--- Dataset excerpts Enclosed Below ---

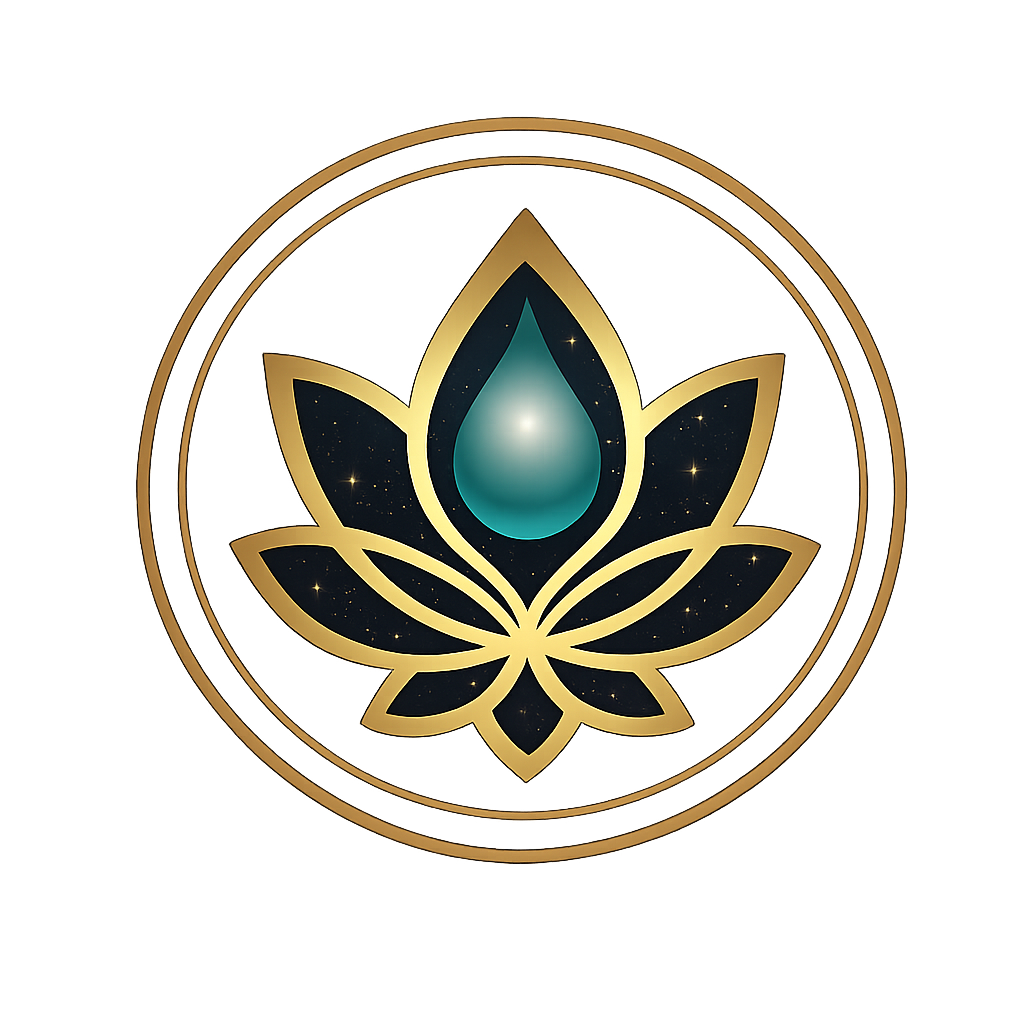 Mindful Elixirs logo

--- End of Enclosed Dataset excerpts ---
--- Dataset excerpts Enclosed Below ---

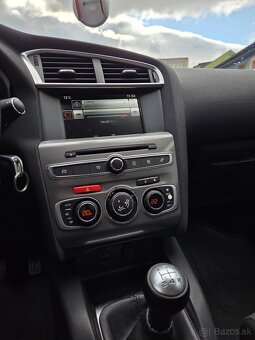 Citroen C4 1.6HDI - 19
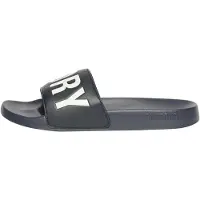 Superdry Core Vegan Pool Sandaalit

--- End of Enclosed Dataset excerpts ---
--- Dataset excerpts Enclosed Below ---

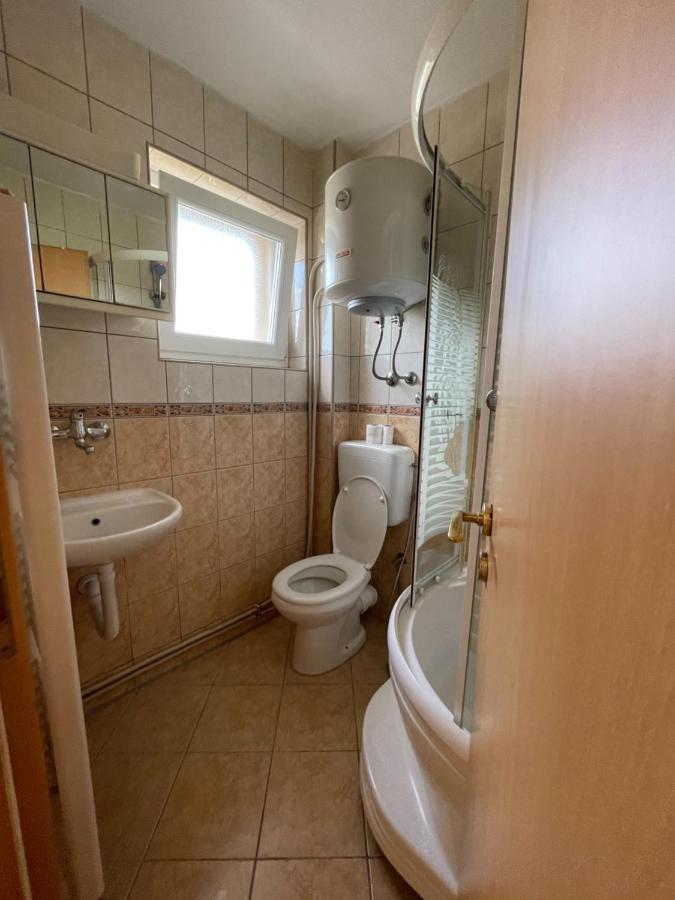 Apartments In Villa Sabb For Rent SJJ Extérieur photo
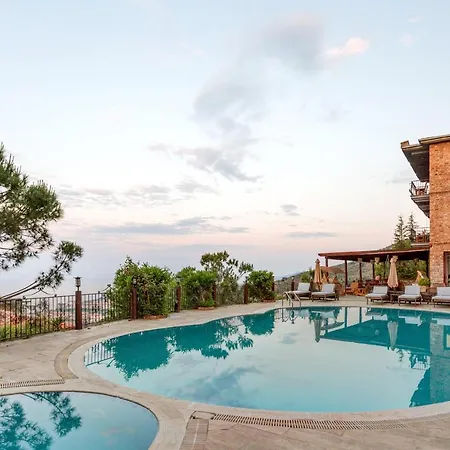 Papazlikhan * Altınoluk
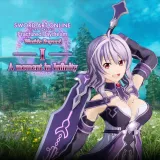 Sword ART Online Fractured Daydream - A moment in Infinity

--- End of Enclosed Dataset excerpts ---

Aim of the task: Of all the material above, only the lines from the one that has "Papazlikhan * Altınoluk" down to the one that has "Sword ART Online" are to be written out, exactly and with both ends included. Pictures are skipped.

Result of the task:
 Papazlikhan * Altınoluk
 Sword ART Online Fractured Daydream - A moment in Infinity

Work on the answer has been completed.